In what areas will my retirement cost of living be most affected?
The key question therefore becomes: How much would retirement of your choice cost? Should I create a budget and then monitor my spending?
Although that may become a problem at any point in later life, we will assume that you are in good health and don’t need to pay for significant operations or treatment costs.
We discuss a few key topics below that might have the biggest impacts on your retirement expenditures.
- Having a house
The means-tested pension, mandatory superannuation, and optional savings in and out of super are Australia’s three income streams, or pillars, that support the country’s retirement income scheme.
One may also argue that owning a house provides the strong base upon which the other three are based. In addition to being free from the pension assets test, your house may be used as a wealth store to increase your retirement income.
It’s evident from the government’s 2020 Retirement Income Review that one of the key components of living a modest—or better retirement lifestyle is having a mortgage-free house as opposed to renting.
At one point, downsizing might help free up money for extra retirement income.

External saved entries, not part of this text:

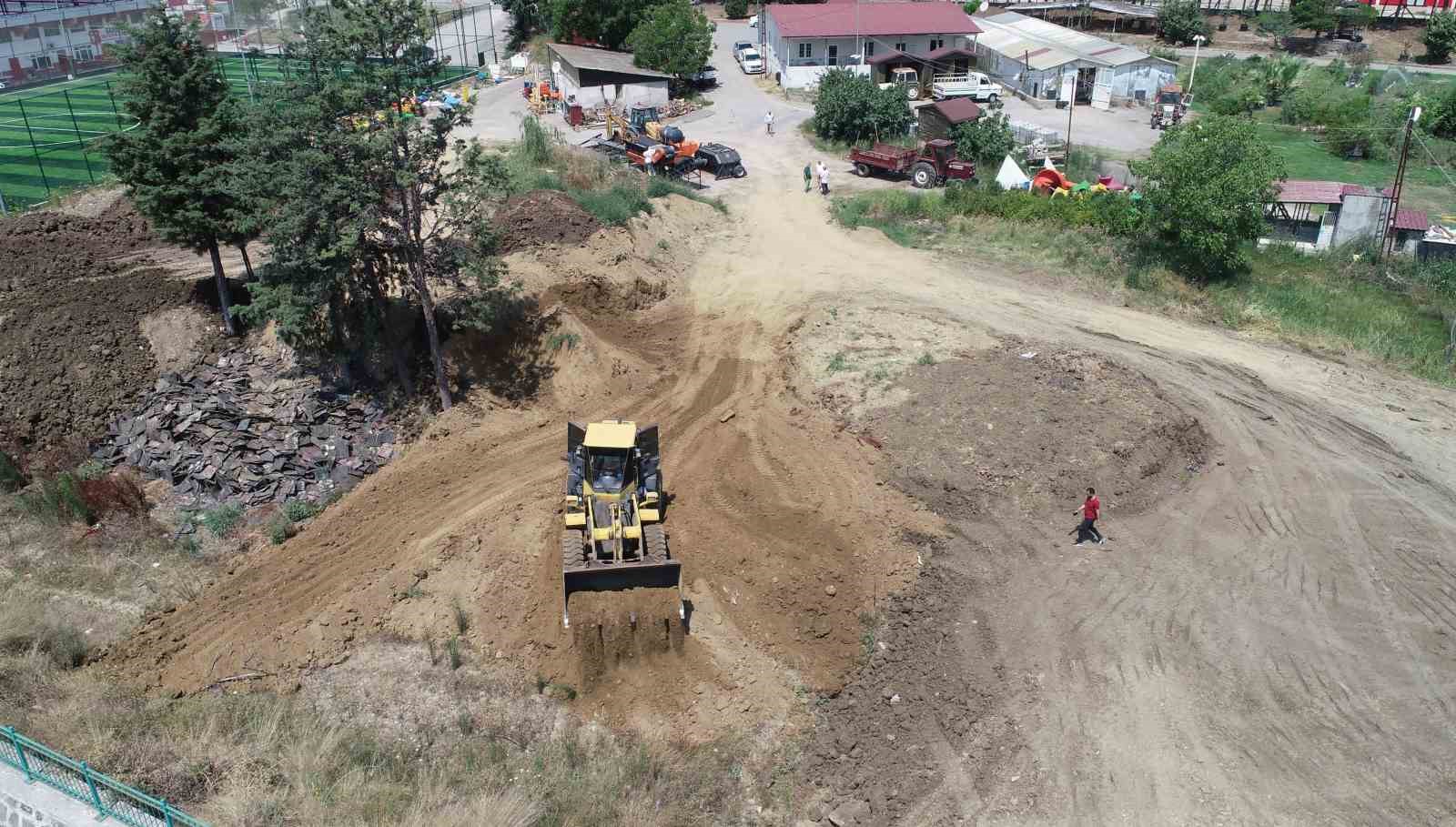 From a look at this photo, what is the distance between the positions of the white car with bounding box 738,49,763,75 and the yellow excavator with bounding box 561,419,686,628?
46.8m

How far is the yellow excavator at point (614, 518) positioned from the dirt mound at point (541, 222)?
12.4 m

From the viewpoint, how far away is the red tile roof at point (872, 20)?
5409cm

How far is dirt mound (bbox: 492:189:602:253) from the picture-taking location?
28578 millimetres

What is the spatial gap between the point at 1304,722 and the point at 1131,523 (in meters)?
5.39

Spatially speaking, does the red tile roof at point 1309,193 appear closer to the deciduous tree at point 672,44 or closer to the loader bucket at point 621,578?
the loader bucket at point 621,578

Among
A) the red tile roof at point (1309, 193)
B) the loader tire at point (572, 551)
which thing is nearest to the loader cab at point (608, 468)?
the loader tire at point (572, 551)

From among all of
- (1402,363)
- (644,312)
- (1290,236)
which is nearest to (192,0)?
(644,312)

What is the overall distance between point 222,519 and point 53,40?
1773 inches

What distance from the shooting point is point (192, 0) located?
6006 centimetres

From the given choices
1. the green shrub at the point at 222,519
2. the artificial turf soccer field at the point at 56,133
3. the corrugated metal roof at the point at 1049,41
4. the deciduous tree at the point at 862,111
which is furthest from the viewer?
the corrugated metal roof at the point at 1049,41

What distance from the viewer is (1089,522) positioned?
18.1 m

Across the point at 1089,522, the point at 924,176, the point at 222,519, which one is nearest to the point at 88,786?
the point at 222,519

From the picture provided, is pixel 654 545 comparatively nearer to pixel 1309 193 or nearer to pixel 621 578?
pixel 621 578

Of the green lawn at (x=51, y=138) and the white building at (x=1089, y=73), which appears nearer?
the green lawn at (x=51, y=138) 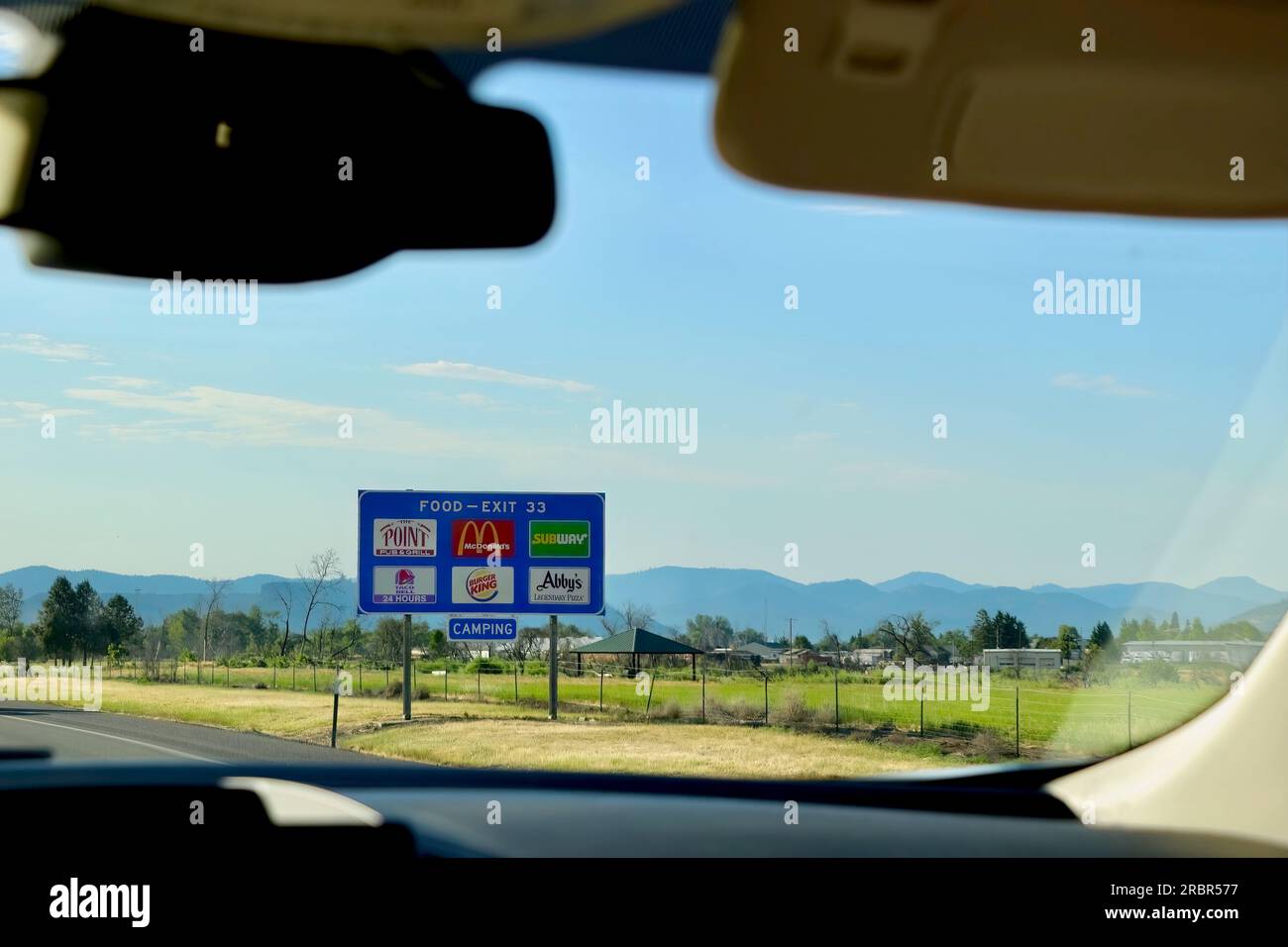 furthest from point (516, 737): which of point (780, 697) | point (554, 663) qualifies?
point (780, 697)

Alternatively, you may consider transferring the profits of the sale into your super fund, where they would be taxed at reduced rates or, after you retire and reach 60, completely tax free.
The percentage of Australian retirees who own their own house is around 75% (it rises to 82% for those aged 70–74), but the situation is not as good for the other 25%. Seniors who rent are finding their position even more precarious as housing affordability, rental vacancies, and rental affordability all continue to decline.

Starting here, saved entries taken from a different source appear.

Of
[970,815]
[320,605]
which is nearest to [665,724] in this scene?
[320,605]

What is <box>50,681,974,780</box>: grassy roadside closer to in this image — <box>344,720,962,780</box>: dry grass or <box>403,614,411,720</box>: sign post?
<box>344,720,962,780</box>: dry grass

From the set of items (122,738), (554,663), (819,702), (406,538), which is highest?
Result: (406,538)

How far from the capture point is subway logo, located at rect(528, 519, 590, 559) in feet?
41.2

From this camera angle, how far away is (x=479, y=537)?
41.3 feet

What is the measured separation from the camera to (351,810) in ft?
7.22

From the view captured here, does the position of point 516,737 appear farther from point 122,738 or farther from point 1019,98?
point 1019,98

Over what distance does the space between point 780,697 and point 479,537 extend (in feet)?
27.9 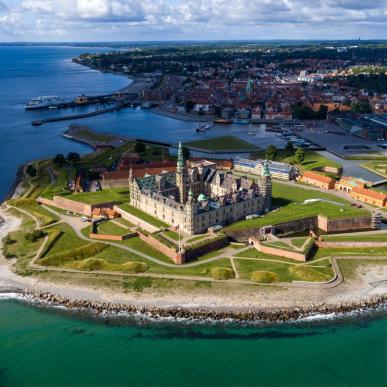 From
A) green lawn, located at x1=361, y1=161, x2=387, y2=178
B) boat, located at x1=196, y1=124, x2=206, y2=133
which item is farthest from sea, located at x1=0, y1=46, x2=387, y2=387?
boat, located at x1=196, y1=124, x2=206, y2=133

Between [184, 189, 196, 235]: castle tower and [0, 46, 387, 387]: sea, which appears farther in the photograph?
[184, 189, 196, 235]: castle tower

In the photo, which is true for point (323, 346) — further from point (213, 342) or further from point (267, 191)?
point (267, 191)

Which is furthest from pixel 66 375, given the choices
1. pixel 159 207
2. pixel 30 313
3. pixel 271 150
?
pixel 271 150

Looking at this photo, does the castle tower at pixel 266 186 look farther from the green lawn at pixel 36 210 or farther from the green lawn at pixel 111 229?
the green lawn at pixel 36 210

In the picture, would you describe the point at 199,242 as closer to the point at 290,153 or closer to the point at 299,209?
the point at 299,209

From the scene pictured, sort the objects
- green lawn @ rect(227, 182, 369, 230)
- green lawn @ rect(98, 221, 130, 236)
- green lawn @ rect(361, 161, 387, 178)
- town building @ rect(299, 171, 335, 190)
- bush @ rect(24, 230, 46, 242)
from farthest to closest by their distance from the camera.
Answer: green lawn @ rect(361, 161, 387, 178)
town building @ rect(299, 171, 335, 190)
green lawn @ rect(227, 182, 369, 230)
green lawn @ rect(98, 221, 130, 236)
bush @ rect(24, 230, 46, 242)

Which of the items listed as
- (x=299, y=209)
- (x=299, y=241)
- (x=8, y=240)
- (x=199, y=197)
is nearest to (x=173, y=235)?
(x=199, y=197)

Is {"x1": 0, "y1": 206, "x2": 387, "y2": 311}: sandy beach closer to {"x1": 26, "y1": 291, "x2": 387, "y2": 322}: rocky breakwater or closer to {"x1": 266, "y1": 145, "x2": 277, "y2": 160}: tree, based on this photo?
{"x1": 26, "y1": 291, "x2": 387, "y2": 322}: rocky breakwater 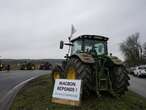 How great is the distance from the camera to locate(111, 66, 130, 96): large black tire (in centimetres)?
1039

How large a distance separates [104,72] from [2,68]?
137 feet

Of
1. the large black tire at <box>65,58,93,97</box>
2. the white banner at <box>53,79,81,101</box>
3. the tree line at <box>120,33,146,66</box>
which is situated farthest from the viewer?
the tree line at <box>120,33,146,66</box>

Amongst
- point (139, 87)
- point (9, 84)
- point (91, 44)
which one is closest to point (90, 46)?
point (91, 44)

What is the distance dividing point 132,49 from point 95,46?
77.4 metres

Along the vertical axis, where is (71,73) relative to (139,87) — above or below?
above

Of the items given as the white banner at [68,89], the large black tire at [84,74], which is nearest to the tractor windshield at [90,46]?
the large black tire at [84,74]

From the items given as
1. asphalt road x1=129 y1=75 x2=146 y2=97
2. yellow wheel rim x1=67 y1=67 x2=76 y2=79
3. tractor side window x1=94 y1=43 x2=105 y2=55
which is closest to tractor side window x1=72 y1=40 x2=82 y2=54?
tractor side window x1=94 y1=43 x2=105 y2=55

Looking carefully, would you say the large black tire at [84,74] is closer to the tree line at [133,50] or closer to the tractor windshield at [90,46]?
the tractor windshield at [90,46]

Also, the percentage of people who own a house is declining. The most recent government statistics show that more Australians are retiring with mortgage debt and that the percentage of pre-retirees aged 50 to 54 who are homeowners has decreased by 7.9% during the previous 25 years, from 80% to 72%.
- Your location
Retirement planning also involves location, which may significantly affect your cost of living. Capital cities often have greater costs of living than rural regions; Sydney is the most costly, followed by Canberra, Brisbane, and Melbourne.

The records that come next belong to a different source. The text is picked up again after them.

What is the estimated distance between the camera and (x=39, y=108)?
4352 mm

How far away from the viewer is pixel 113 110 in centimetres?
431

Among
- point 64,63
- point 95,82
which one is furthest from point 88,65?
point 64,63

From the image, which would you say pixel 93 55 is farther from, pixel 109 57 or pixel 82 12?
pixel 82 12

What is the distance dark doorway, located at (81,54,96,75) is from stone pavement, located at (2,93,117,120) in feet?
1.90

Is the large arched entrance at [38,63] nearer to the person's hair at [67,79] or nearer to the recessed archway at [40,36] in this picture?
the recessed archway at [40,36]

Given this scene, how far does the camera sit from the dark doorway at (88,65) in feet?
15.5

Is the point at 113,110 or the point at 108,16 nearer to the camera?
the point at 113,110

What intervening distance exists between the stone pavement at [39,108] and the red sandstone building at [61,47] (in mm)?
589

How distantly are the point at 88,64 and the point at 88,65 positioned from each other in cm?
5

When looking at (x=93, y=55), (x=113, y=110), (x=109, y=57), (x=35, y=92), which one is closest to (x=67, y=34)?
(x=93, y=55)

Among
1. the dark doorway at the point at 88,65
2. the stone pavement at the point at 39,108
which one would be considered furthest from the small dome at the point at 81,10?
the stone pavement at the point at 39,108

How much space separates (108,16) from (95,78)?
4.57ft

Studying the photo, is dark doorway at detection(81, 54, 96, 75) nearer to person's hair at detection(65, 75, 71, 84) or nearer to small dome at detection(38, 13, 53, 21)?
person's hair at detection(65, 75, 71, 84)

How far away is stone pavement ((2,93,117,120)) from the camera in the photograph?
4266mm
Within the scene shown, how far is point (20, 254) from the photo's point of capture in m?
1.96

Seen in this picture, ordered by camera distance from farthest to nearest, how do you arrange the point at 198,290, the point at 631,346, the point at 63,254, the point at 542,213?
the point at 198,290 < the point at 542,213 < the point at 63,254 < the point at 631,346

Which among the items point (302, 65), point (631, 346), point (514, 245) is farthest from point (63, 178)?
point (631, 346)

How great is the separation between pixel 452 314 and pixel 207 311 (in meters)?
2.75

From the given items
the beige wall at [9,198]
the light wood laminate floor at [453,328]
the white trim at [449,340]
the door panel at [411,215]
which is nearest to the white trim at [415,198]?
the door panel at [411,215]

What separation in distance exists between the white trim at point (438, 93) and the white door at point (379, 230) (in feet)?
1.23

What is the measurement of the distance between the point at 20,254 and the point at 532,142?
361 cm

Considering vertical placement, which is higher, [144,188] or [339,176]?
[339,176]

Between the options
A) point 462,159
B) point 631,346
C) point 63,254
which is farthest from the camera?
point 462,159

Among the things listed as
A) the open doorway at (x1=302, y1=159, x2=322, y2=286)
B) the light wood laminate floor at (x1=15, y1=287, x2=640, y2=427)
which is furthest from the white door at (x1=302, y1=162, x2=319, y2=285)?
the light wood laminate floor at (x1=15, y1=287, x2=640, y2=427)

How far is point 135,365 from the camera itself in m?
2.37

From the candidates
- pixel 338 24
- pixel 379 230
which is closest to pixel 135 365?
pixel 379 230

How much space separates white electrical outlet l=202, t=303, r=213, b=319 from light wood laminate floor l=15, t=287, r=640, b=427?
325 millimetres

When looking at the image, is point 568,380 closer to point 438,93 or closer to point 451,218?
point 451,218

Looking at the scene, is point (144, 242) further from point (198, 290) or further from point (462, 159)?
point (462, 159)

Moving might be alluring if there are facilities and services that meet your demands. When estimating your retirement expenses, keep in mind that you may need to pay more for additional services or help around the house if your location is not convenient.
- Your lifestyle and age
Determine the services and activities that are essential to your general well-being. Is it possible to reduce expenses on things like vacations, meals, entertainment, and subscriptions? This comes easily to many retirees.
The ABS’s Household Expenditure Survey has shown that, during retirement, expenditure declines, particularly beyond the age of 75. In the ‘passive’ phase of retirement, which begins after age 75, even wealthy households tend to spend less on travel, dining out, and leisure activities.
The typical retired couple’s consumption decreases by more than one third (37%) as they age from their peak spending years in early retirement (65–69) to senior age (85+), according to research on Australian seniors.
In contrast, ASFA projects a lower decline in expenditure of around 9% for comfortable-living couples both before and beyond the age of 85.